One of the peaks of Orange Is the New Black is the diversity of the stories told and of its protagonists, who not only have different backgrounds, levels of education, ethnicities and differ from a physical point of view, too. None of the actresses acting in the show are in the opening credits , but Kohan wanted to keep a high level of authenticity nonetheless. For this reason, all the women portrayed by Michael Trim and Thomas Cobb in New York and Los Angeles were previously incarcerated, just like the protagonists of the show. Writing a show without taking a dip into the wide sea of stereotypes is very hard but Kohan did her best to steer clear from it, and this approach is mirrored by the credits, too. Those we see (their eyes and mouths, to be precise) are not the classic airbrushed women we usually see on tv but are portrayed in all their flaws – wrinkles, undereye bags, skin marks, moles, acne scars and clogged pores. God knows if we need such a plausible portrayal of women on tv!

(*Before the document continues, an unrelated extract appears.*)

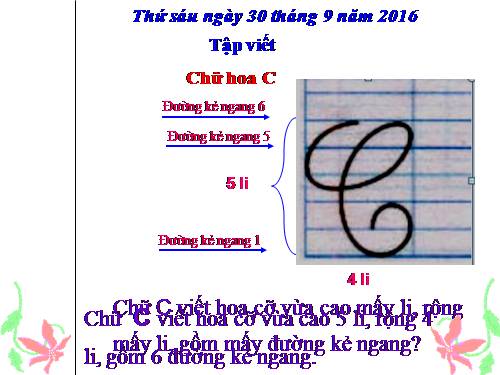 Tuần 4. Chữ hoa: C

As a visually-obsessed blogger, it’s easy to see why the opening credits have had such an appeal on me. The point is that I’m a make-up addict, too, so I screencapped all the sequence and kept some shots only. The concept behind the credits is interesting and thoroughly relevant, but I’m a vain girl, so here is a breakdown of all the shots portraying a woman sporting black eyeliner, mascara or eyepencil .
Painted-on eyebrows, silvery eyeshadow and double crease effect with black eyepencil, black eyeliner on the upper lashline, black eyepencil on the lower lashline and in the waterline, black mascara on upper and lower lashes.
Seeing all these diverse beauties one after the other is a unique experience, which sounds like a new direction which I hope will be followed by other tv shows. While watching the 13 episodes of OITNB’s first season, I never skipped the credits but watched them carefully, so as to catch all the details of each portrait, especially those featuring make-up. My concern was about eyeliner and the question on my mind was: “What will black eyeliner look on me when I’m an old and wrinkled lady?”. Judging by how the middle-aged women in the credits proudly sport thick black lines on their upper lashlines, I guess I will be able to wear it for many years to come.
Before closing, just a note about the title. If you’ve watched the show you’ll probably remember Alex Vause (Laura Prepon) saying something about her habit of wearing black eyeliner. While looking for the exact quote, I found another quote (from Will Grayson, Will Grayson by John Green and David Levithan) which I found perfect for this post. Talk about serendipity!
 Piper Kerman appears in the credits: she’s the blue-eyed woman blinking at the 1:02 mark.
 In 2009 (yes, 4 years ago) I wrote a post about eyeliner because it’s an item which holds a special place in my make-up stash.